# New Additions :)



## Raix (Jul 23, 2013)

Hi everyone,
I have a new addition  and finally some time to post! His name is Solomon and he is a Red Sided Eclectus Parrot. He is 4 months old and already says 'hello' and 'what are you doing? '  
(I had been looking for one since before Bandit  but was never able to afford one) he is still a little shy, but yesterday flew down onto my shoulder  

I am considering adopting a rescue Kakariki that we got in at work 3 weeks ago. She is a lovely green pied yellow. But unfortunately was abandoned because she requires so much more care than she used to. She is 15 years old and has a cataracts in one eye. She is always the first bird to greet you (although not tame), and loves to climb and jump around everywhere (she'll only fly when scared). Unfortunetly I don't have any photos of her...


----------



## RavensGryf (May 8, 2015)

Congratulations, Solomon is a beautiful young man ! In the past I had a Grand Ekkie female.

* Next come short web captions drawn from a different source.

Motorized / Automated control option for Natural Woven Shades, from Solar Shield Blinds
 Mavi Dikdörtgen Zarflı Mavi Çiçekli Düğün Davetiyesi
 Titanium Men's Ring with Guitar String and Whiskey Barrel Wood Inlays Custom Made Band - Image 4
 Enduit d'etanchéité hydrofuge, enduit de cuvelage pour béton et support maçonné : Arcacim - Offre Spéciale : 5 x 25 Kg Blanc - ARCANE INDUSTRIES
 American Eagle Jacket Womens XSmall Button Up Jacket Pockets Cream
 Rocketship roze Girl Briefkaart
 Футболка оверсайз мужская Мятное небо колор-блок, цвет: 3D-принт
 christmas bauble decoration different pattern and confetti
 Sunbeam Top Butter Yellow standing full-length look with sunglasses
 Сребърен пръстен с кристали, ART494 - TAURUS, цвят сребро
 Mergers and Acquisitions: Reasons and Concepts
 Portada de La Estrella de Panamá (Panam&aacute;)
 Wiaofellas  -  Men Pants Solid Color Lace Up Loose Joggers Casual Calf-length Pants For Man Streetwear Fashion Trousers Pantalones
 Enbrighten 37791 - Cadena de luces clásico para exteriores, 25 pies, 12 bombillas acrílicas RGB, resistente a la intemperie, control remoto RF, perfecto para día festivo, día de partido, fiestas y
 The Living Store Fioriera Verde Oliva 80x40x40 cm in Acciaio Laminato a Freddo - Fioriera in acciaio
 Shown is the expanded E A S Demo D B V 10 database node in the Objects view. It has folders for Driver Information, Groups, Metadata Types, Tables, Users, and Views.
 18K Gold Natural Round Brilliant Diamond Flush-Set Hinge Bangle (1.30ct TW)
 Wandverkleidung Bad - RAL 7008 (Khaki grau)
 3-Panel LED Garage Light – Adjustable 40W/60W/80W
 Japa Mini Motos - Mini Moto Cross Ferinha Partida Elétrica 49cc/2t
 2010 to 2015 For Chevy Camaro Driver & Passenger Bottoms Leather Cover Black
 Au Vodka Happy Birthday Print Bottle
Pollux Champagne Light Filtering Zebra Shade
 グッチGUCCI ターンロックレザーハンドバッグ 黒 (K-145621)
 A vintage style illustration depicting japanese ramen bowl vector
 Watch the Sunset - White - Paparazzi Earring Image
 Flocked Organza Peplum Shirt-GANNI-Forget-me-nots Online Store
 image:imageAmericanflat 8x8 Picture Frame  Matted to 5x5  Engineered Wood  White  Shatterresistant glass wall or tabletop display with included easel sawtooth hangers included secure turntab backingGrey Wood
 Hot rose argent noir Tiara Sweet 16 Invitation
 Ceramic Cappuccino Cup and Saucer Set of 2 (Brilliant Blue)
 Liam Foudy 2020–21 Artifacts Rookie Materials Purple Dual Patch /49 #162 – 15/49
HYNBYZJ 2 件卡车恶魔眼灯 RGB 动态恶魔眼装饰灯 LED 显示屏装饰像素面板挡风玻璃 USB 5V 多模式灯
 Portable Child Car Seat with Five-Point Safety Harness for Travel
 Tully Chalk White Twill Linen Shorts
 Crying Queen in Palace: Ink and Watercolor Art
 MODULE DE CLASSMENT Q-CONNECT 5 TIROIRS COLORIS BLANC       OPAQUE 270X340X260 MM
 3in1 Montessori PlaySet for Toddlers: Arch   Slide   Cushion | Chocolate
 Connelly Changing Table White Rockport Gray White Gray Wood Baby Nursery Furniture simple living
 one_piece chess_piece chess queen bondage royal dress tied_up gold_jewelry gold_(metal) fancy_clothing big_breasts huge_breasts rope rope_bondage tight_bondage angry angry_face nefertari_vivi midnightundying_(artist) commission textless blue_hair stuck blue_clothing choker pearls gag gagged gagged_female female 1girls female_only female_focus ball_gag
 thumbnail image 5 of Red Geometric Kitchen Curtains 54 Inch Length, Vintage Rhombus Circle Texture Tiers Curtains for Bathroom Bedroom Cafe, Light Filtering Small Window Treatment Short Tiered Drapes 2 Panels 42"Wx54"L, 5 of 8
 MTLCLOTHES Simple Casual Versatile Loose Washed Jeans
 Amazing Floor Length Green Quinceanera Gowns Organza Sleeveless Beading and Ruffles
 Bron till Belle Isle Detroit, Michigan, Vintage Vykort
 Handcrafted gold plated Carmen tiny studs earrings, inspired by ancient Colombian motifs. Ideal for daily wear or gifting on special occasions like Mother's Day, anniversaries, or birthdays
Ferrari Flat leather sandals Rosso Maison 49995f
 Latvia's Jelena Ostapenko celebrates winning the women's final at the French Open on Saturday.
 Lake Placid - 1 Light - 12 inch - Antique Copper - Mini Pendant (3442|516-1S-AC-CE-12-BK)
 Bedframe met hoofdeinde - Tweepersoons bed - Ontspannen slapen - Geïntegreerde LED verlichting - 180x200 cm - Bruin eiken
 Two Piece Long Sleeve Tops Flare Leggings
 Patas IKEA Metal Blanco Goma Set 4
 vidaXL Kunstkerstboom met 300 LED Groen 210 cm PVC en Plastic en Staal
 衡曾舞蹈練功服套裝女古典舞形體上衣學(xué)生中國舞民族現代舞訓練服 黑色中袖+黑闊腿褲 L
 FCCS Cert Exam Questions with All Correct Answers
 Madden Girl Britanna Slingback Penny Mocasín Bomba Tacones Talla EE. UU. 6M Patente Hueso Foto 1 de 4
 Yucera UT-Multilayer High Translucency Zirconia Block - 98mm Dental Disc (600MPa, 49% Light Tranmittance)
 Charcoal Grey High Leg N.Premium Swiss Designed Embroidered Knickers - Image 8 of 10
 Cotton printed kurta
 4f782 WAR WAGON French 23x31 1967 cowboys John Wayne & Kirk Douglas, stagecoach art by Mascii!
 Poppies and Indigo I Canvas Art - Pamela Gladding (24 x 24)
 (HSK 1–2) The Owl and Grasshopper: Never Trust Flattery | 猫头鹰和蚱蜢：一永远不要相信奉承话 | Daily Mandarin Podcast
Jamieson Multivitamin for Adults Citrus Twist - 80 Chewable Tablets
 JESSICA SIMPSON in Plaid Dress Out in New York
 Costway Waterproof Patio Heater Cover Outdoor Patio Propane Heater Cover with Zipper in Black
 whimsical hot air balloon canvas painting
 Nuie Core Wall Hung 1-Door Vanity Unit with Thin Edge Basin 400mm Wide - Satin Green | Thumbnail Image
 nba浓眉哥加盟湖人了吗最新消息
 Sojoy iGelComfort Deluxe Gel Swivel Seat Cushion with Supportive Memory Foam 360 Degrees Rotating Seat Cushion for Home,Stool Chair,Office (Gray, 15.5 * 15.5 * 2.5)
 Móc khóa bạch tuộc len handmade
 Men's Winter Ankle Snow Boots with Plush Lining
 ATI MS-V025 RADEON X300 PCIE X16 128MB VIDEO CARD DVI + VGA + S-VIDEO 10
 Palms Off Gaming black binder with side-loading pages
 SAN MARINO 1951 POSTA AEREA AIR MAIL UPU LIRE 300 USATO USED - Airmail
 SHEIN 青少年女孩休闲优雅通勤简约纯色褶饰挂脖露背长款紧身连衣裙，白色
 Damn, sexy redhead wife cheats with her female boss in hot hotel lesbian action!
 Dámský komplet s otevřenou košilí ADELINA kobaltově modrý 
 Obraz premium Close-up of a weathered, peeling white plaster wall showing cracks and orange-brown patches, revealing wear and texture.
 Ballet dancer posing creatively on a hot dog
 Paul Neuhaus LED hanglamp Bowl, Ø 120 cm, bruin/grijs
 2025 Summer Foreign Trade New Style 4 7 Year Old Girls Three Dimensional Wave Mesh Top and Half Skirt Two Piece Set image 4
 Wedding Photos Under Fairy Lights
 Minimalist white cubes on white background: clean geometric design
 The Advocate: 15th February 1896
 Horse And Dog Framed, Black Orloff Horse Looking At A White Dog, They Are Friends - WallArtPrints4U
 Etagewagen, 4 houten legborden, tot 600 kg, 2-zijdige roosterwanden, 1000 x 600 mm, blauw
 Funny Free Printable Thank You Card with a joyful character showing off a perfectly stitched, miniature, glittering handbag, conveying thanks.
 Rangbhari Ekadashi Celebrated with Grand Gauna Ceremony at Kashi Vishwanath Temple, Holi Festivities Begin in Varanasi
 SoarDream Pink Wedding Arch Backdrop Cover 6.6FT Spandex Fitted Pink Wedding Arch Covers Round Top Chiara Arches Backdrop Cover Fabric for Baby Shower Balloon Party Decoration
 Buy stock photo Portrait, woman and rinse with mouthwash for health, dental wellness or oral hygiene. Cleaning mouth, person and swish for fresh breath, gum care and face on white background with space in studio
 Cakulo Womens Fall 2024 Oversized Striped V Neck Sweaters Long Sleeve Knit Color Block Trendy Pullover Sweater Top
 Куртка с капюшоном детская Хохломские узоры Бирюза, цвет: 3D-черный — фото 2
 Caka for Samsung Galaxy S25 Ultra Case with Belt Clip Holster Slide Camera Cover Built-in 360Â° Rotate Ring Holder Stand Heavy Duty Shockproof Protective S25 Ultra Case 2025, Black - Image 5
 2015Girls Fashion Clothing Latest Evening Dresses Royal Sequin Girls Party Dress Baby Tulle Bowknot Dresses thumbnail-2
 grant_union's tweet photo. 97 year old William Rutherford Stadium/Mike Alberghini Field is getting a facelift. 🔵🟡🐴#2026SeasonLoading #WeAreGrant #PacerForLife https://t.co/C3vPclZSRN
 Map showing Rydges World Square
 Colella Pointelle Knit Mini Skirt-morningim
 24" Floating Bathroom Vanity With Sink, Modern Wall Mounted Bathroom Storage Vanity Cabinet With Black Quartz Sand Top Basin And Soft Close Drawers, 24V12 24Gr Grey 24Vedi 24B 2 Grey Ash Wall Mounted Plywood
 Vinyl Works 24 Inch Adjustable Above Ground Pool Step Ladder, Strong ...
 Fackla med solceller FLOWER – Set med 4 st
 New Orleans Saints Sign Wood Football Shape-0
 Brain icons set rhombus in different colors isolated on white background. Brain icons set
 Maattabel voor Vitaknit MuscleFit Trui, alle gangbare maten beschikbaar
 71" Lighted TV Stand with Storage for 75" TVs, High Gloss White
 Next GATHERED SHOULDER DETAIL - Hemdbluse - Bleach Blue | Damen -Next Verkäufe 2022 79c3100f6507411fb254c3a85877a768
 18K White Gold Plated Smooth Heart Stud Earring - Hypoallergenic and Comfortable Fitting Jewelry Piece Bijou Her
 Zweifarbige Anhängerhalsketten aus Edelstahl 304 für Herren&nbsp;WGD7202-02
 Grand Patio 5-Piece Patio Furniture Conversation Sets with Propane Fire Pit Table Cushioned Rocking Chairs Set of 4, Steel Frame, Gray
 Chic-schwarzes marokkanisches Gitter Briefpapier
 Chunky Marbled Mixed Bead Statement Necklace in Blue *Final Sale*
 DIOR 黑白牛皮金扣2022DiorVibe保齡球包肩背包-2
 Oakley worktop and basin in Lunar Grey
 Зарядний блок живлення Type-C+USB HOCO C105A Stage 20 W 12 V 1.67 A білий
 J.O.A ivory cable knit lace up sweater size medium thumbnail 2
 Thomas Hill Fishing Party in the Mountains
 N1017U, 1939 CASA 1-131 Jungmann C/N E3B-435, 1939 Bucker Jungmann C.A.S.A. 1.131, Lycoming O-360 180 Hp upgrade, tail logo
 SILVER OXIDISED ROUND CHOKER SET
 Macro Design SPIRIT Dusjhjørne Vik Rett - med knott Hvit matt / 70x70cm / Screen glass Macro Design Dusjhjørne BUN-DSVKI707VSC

I currently have a Pionus and 2 Poicephalus parrots in addition to my 2 budgies . I'd love to have an aviary or two like yours!


----------



## Raix (Jul 23, 2013)

Thank you 
Im just lucky I have the room and am allowed. 
Solomon is only an inside bird though (he goes out for sun, ect.) 
At the moment I only have 1 avairy (I can access... my other birds are somewhere else  )


----------



## Jonah (Feb 3, 2013)

Solomon is a good looking bird...


----------



## Budget baby (Jan 1, 2013)

Solomon is a very inquisitive looking little fellow, I love his beautiful vibrant colouring and his beak is so shiny


----------



## FaeryBee (May 9, 2011)

*Solomon is quite handsome and I'm sure he'll be very happy with you. *


----------



## aluz (Jul 24, 2011)

Congratulations on your latest arrival, Solomon is gorgeous! 
Best of luck with him and I hope you will be able to adopt the kakariki.


----------



## Therm (Aug 2, 2015)

He has the most adorable face!


----------



## StarlingWings (Mar 15, 2013)

Aww, Solomon is a very handsome fellow! His colours are stunning


----------



## Raix (Jul 23, 2013)

Thank you everyone 
Solomon is fully flighted, and the best thing is he'll eat just about anything you give him, from pumpkin seeds to strawberries (and everything in between  ) He came over today to see what the camera was all about


----------